Iowa, Oregon Diverge On Gun Policy
In today's political landscape, this should surprise no one.
Pundits left, right, and center often lament the increasing polarization of American society. While such complaints may sometimes be overblown, for the purpose of getting ‘clicks’ or viewers, it is objectively true that red states are getting redder, and blue states are getting bluer, as both ends of the political spectrum double down on the desires of their respective bases of support. State legislatures have taken divergent paths on a bevy of issues ranging from abortion to taxation, and gun rights are no exception. In the November 2022 Midterm election, Oregon and Iowa passed drastically different proposals relating to the right to keep and bear arms.

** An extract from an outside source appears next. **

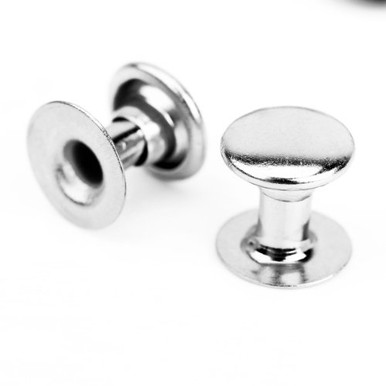 Double Cap Rivets for Leather Crafting 14 Inches 6mm 100pcs Silver ...
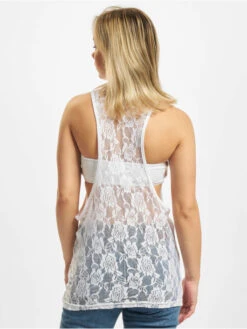 URBAN CLASSICS Damen Top Flower Lace Loose In Weiß -URBAN CLASSICS Verkäufe urban classics top weiss 125989 1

Iowans chose, by a whopping thirty-point margin, to amend the state constitution to include the right to keep and bear arms. The language of the amendment states: “The right of the people to keep and bear arms shall not be infringed. The sovereign state of Iowa affirms and recognizes this right to be a fundamental individual right. Any and all restrictions of this right shall be subject to strict scrutiny.” The Iowa Firearms Coalition President Dave Funk praised the approval of the ballot measure Tuesday evening, calling it a “historic day for freedom, civil rights, and the Hawkeye state.” Opponents of the new amendment fear the measure will make it more difficult to pass new gun control regulations and easier to strike down anti-Second Amendment laws.
Oregonians, on the other hand, narrowly passed one of the strictest gun control measures in the country. Measure 114 will require Oregonians to obtain a permit to buy a gun after completing a firearms safety course, and would ban the sale or transfer of magazines that hold more than 10 rounds of ammunition. The proposal, championed by anti-gun activist David Hogg, a survivor of the Stoneman-Douglas High School shooting, and Ari Freilich, state director for the Giffords Law Center to Prevent Gun Violence, will subject potential gun buyers to fees, firearms training at their own expense, fingerprinting, and criminal background checks.
Proponents of the new Oregon law spent $2.4 million promoting the measure, including a $750,000 donation from Connie Ballmer, wife of Steve Ballmer, former CEO of Microsoft and current owner of the NBA’s Los Angeles Clippers. Opponents of the sweeping gun control proposal only raised $200,000 and were penalized for the late reporting of a $25,700 donation from the National Rifle Association.
At least five Oregon county sheriffs are pledging to ignore the state’s new gun control law. Speaking to Fox News Digital, Union County Sheriff Cody Bowen said “The biggest thing is this does absolutely nothing to address the problem, the problem that we have is not… magazine capacity. It’s not background checks. It’s a problem with mental health awareness. It’s a problem with behavior health illness.” On the state’s new magazine capacity limit, Bowen said ‘there’s just no way possible for us to enforce that and nor would I simply because it’s an infringement on our Second Amendment, you know, our right to keep and bear arms.”
Yours truly wrote about interstate immigration and the California exodus back in January; if this trend continues, it should not be surprising to see states take wildly different policy positions on all manner of issues in the coming years. Oregon and Iowa are both near-one party states, with Oregon Democrats holding every statewide office, both houses of the state legislature, and four of five congressional seats, and Republicans holding all but one statewide office in Iowa, and both houses of the legislature. But judging by the Midterm results—that saw Democrats sweep statewide positions in Arizona, and Republicans sweep the same seats in Florida, two formerly purple states—hard line policies on both sides of the aisle seem to be the order of the day.